Reducing backscatter in email interface?

This is a bit of a braindump, under the assumption there isn’t a “this already works if you click this checkbox” solution out there.

I’m experimenting with Discourse and its Mailing List Mode (which are both pretty great!), and I was thinking about some minor improvements with email backscatter.

I’m using the mail-receiver Docker container that Discourse offers, not POP3 polling. What I’m going to describe here only applies to handling one’s own incoming SMTP traffic.

The gist is this: Discourse is smart enough to reject incoming mail if the user isn’t allowed to post somewhere, or if the user wrote to a bogus email address. It sends a polite bounce email, but this has unintended consequences:

  • Spammers hitting the mail server will generate bounces, either for bogus addresses or real people that didn’t actually try to interact with Discourse, so you can get a flurry of backscatter, which is bad.
  • Legit email from legit users that made legit mistakes will get a legit bounce, and GMail will quietly put it in the user’s spam folder (at least, it did for me).

A better solution would be to reject mail during the SMTP transaction, when reasonable to do so. Making that work will:

  • Reduce unnecessary email bounce traffic due to joe-job spammers, etc.
  • Prevent risk of damage to a domain’s spam reputation.
  • Give users a more visible and immediate notice that something went wrong (email providers will tend to put a THIS DIDN’T SEND email in the user’s inbox).

Even if we just use the mail-receiver Docker container that Discourse offers, this still needs some support from the Discourse instance to make this happen. I couldn’t find any API to do this, but it would be useful if we could query with the system API key for something like this:

  • Can a@b.c send mail to x@y.z?

And this returns a boolean (yes or no on whether mail is acceptable) and maybe a simple string of why ("x@y.z isn’t a valid reply-to-thread slug, x@y.z isn’t a create-new-topic address, a@b.c isn’t allowed to post here, etc. It could even just be the existing “Email::Receiver::StrangersNotAllowedError” style error strings).

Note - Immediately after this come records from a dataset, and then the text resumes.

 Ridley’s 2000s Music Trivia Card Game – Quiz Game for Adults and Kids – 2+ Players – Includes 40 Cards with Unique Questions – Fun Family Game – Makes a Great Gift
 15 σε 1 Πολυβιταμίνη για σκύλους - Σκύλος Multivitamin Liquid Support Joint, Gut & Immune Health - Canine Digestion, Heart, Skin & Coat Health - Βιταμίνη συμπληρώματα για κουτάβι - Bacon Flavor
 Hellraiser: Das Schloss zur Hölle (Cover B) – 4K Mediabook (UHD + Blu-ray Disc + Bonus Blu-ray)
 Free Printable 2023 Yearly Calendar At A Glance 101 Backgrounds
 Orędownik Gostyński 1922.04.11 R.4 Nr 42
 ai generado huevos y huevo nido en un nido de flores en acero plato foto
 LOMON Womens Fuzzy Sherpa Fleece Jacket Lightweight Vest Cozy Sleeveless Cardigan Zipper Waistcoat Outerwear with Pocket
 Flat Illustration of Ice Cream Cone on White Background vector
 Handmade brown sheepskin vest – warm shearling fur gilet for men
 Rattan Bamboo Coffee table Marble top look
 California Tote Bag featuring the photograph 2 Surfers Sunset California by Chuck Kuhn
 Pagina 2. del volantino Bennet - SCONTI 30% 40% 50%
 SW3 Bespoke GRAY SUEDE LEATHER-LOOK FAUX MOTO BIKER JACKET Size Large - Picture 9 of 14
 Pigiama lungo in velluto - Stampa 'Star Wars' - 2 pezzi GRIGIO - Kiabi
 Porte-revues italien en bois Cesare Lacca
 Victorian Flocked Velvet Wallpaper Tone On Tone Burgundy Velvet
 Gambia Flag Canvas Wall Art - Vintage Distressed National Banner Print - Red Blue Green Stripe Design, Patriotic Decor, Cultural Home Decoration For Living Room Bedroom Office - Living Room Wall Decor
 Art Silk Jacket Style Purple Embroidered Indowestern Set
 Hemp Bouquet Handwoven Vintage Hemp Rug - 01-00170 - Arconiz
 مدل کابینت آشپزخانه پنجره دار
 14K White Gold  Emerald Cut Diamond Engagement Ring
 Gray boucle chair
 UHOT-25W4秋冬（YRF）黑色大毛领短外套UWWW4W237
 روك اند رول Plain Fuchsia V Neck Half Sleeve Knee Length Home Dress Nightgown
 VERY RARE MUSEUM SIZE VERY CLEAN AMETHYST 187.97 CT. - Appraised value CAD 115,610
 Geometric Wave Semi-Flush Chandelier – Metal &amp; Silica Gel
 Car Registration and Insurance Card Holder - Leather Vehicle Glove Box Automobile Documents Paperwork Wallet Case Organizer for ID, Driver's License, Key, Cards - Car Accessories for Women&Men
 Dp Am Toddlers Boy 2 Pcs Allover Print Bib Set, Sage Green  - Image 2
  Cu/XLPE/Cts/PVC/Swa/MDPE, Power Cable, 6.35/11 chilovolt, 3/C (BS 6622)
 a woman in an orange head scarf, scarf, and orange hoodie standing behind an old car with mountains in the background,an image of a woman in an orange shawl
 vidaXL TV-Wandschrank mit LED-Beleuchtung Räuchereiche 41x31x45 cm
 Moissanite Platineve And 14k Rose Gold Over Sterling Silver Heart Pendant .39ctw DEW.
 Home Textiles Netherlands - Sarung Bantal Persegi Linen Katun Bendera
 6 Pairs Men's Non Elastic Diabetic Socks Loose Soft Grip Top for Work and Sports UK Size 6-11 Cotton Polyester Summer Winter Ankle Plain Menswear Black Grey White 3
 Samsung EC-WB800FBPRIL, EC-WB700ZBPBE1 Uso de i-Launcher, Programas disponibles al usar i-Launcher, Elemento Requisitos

This could be more fine-grained (“is a@b.c a valid user?” “is x@y.z an available email target?”), but ultimately we want an API that says “should I drop this email right now or send it through to the system?” …it doesn’t have to, and probably shouldn’t, deal with rejections for things that need further processing (email is too short rejections, etc). We really just need to catch the obvious spam and malware vectors here.

Then that API call can be hooked up to /usr/local/bin/receive-mail in the mail-receiver Docker container, which can optionally return a permanent fail to the SMTP client instead of sending the email content to Discourse at all.

Does this sound like a reasonable approach? Does something like this exist already?

9 Likes

Nothing like that exists already. It wouldn’t be impossible to add, but it wouldn’t be trivial, either. Postfix has some excellent hooks for allowing SMTP-time checks to occur, we’re just not using them because mail-receiver was very much a “simplest thing that could possibly work” implementation.

If you’d like to work on this, I’m happy to provide guidance, code review, and testing. I’d like to see it happen, it’s just not something that I think anyone here at CDCK World HQ will have any bandwidth to work on any time soon.

9 Likes

I’ve posted a PR for the new API inside of Discourse here.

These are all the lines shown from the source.